# Module 3: Handling Missing Data (Imputation)

## Business Context: TechCorp HR Analytics (continued)

**Where We Are:**
We have multiple data quality issues to fix:

| Column | Issue | % Missing | Strategy |
|--------|-------|-----------|----------|
| `age` | Missing values | ~5% | Imputer (median) |
| `salary` | Missing values | ~3% | Imputer (median) |
| `source` | Missing values | ~4% | fillna(UNKNOWN) |

---

**Scope:**
- dropna: When to drop missing data
- fillna: Categorical defaults (source)
- Imputer: Numerical imputation (age, salary)
- Missing flags: Capture missingness as feature

## Context and Requirements

- **Training day:** Day 1 - Data Preparation Fundamentals
- **Notebook type:** Demo
- **Technical requirements:**
  - Databricks Runtime 14.x LTS or newer
  - Unity Catalog enabled
  - Permissions: CREATE TABLE, SELECT, MODIFY
- **Dependencies:** `02_Data_Splitting.ipynb` (creates `customer_train` table)
- **Execution time:** ~20 minutes

> **Critical:** Always fit imputers on TRAINING data only to prevent data leakage!

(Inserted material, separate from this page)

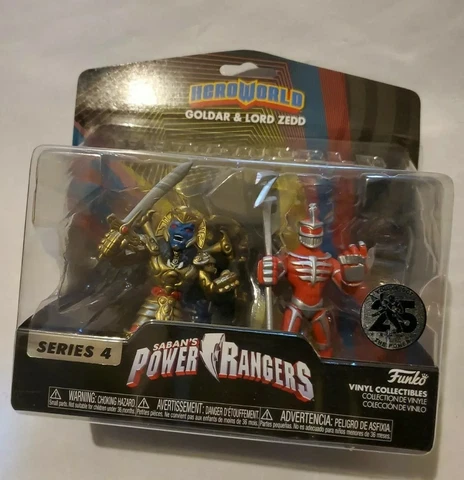 New Heroworld Saban's Power Rangers Goldar Lord Zedd Vinyl Figures Series 4 Cover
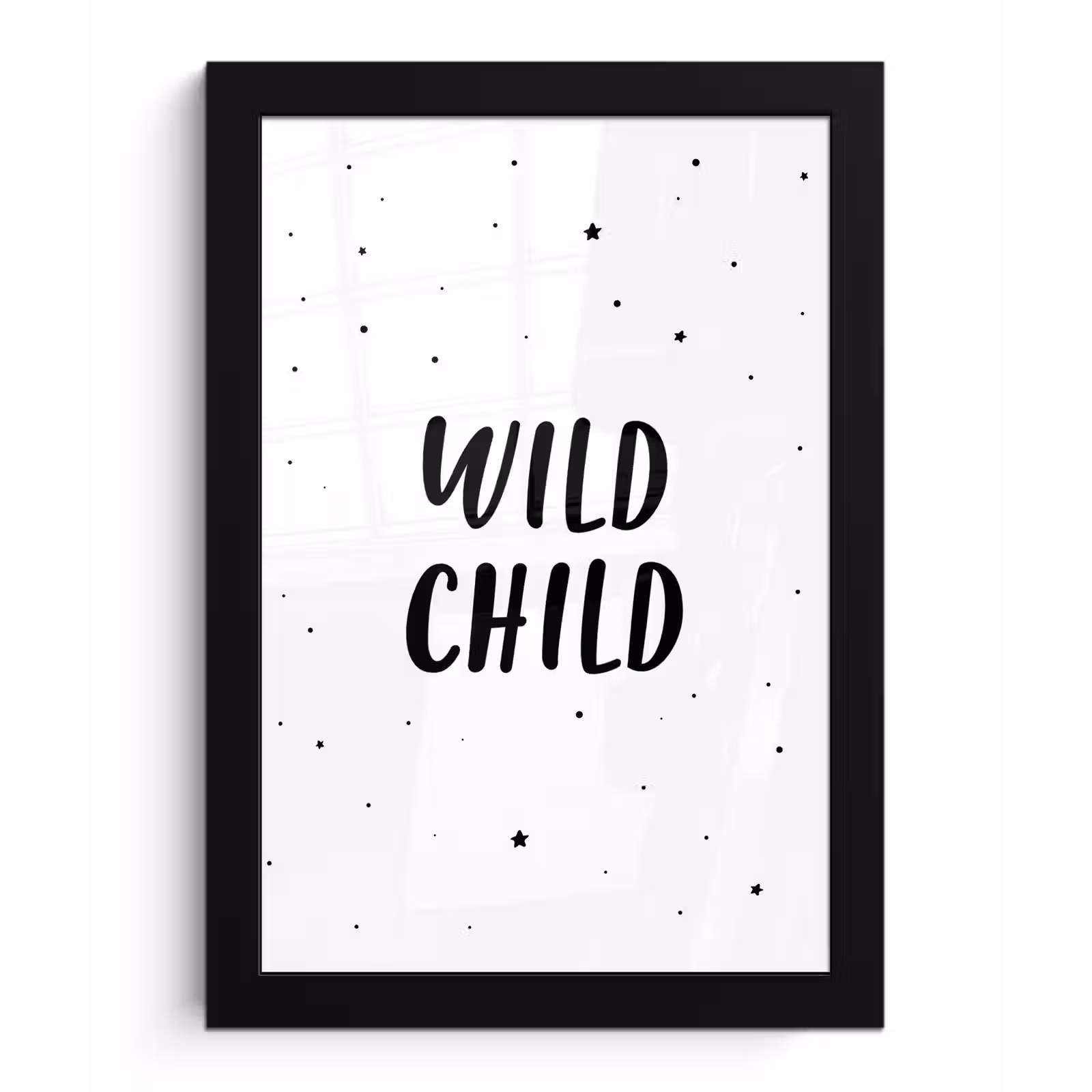 Poster met lijst - Quotes - Wild child - Baby - Kinderen - Tekst — 1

## Theoretical Introduction

**Why handle missing data?**

Most ML algorithms cannot handle `NULL` values directly. We must decide how to handle them before training.

**Imputation Strategies Comparison:**

| Strategy | When to Use | Pros | Cons |
|----------|-------------|------|------|
| **Drop (dropna)** | <5% missing, random | Simple | Loses data, may introduce bias |
| **Constant (fillna)** | Categorical data | Simple, interpretable | May not reflect reality |
| **Mean** | Normally distributed | Uses all data | Sensitive to outliers |
| **Median** | Skewed data, outliers | Robust | Ignores distribution shape |
| **Mode** | Categorical | Preserves distribution | May overfit majority class |

**Data Leakage Warning:**
> ⚠️ **Critical Rule:** Always calculate imputation statistics (mean, median) on TRAINING data only! Applying test data statistics would leak future information into the model.

**Informative Missingness:**
Sometimes, the fact that data is missing is a signal itself:
- A sensor returning `NULL` might indicate equipment failure
- A customer not providing phone number might indicate privacy concerns
- Creating a "missing flag" allows the model to learn these patterns

## Per-User Isolation

Run the initialization script for per-user catalog and schema isolation:

In [0]:
%run ./00_Setup

**Load Training Data:**

Remember: We fit imputers on TRAIN data only!

In [0]:
# Load Training Data
df = spark.table("customer_train")
display(df)

## Section 1: Dropping Missing Values (`dropna`)

**When to drop?**
Dropping data is the easiest but most dangerous method.
- **Pros:** Simple, removes noise.
- **Cons:** You lose data (reduced sample size). If the missingness is not random (e.g., rich people refusing to share salary), dropping them introduces **Bias**.

Use `dropna` only when:
1.  The missing data is very small (< 5%).
2.  The column is mostly empty (> 90% missing) and useless.

In [0]:
# Drop rows where ANY column is null
df_drop_any = df.dropna(how="any")

In [0]:
display(df_drop_any)

In [0]:
# Drop rows where ALL columns are null
df_drop_all = df.dropna(how="all")

In [0]:
display(df_drop_all)

In [0]:

# Drop rows where specific columns are null (e.g., 'age')
df_drop_subset = df.dropna(subset=["age"])

In [0]:
display(df_drop_subset)

In [0]:
print(f"Original: {df.count()}")
print(f"Drop Any: {df_drop_any.count()}")
print(f"Drop Age: {df_drop_subset.count()}")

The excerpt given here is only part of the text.